**Exercise details**
Pictures in the entries below are excluded; copy only the lines from the one containing "In this video" to the one containing "So first things", both included.

------ Provided records ------

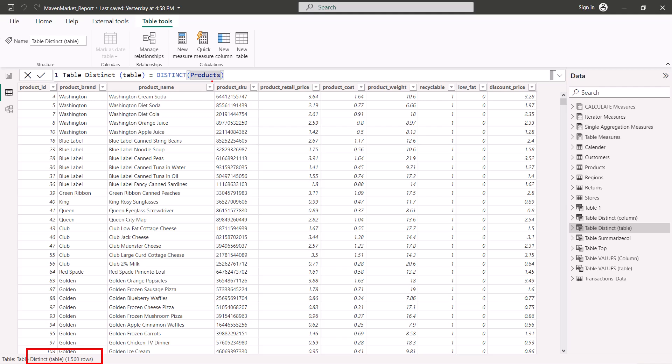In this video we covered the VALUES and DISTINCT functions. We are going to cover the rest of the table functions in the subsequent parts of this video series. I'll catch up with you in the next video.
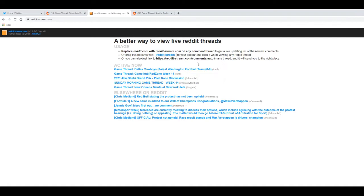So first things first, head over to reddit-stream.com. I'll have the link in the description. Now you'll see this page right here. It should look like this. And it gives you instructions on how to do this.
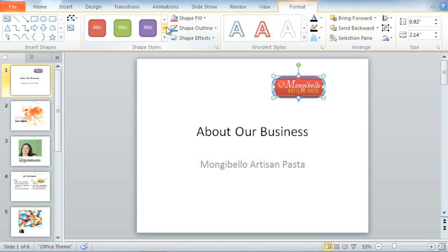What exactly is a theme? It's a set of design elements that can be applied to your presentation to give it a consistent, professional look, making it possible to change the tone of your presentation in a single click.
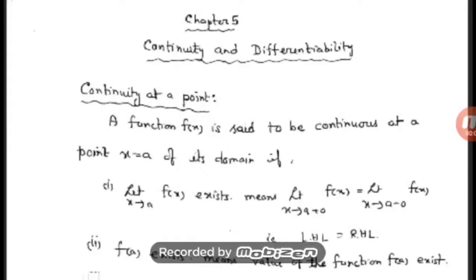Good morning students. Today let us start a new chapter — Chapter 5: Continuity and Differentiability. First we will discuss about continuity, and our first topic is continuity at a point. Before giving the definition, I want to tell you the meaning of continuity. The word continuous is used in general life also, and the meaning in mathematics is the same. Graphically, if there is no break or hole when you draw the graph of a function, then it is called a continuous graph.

------
------ Provided records ------

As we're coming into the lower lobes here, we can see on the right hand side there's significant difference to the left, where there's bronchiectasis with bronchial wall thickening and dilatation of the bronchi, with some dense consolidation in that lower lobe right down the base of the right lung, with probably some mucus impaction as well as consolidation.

------

**Exercise response**
In this video we covered the VALUES and DISTINCT functions. We are going to cover the rest of the table functions in the subsequent parts of this video series. I'll catch up with you in the next video.
So first things first, head over to reddit-stream.com. I'll have the link in the description. Now you'll see this page right here. It should look like this. And it gives you instructions on how to do this.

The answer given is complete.